* _ACTION ITEM_: Each of the records below must be reproduced exactly.

* _Crawled caption data_:

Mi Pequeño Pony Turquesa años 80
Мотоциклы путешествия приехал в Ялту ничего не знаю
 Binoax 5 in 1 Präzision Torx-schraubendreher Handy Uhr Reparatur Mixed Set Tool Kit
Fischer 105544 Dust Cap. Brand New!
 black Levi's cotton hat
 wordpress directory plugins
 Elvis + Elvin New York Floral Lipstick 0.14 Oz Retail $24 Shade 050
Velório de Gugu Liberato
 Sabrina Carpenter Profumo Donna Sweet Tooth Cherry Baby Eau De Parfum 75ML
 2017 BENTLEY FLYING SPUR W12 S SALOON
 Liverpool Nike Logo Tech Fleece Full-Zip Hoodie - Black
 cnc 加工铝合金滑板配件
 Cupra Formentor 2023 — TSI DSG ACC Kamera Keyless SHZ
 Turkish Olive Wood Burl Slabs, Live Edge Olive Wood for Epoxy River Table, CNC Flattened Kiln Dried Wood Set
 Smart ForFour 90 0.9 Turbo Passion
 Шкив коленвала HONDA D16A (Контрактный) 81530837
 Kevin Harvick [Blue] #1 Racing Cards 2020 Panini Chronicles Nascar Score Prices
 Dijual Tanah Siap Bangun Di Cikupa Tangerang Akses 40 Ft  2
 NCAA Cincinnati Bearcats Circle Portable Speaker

* _WRITTEN RESPONSE_:
Mi Pequeño Pony Turquesa años 80
Мотоциклы путешествия приехал в Ялту ничего не знаю
 Binoax 5 in 1 Präzision Torx-schraubendreher Handy Uhr Reparatur Mixed Set Tool Kit
Fischer 105544 Dust Cap. Brand New!
 black Levi's cotton hat
 wordpress directory plugins
 Elvis + Elvin New York Floral Lipstick 0.14 Oz Retail $24 Shade 050
Velório de Gugu Liberato
 Sabrina Carpenter Profumo Donna Sweet Tooth Cherry Baby Eau De Parfum 75ML
 2017 BENTLEY FLYING SPUR W12 S SALOON
 Liverpool Nike Logo Tech Fleece Full-Zip Hoodie - Black
 cnc 加工铝合金滑板配件
 Cupra Formentor 2023 — TSI DSG ACC Kamera Keyless SHZ
 Turkish Olive Wood Burl Slabs, Live Edge Olive Wood for Epoxy River Table, CNC Flattened Kiln Dried Wood Set
 Smart ForFour 90 0.9 Turbo Passion
 Шкив коленвала HONDA D16A (Контрактный) 81530837
 Kevin Harvick [Blue] #1 Racing Cards 2020 Panini Chronicles Nascar Score Prices
 Dijual Tanah Siap Bangun Di Cikupa Tangerang Akses 40 Ft  2
 NCAA Cincinnati Bearcats Circle Portable Speaker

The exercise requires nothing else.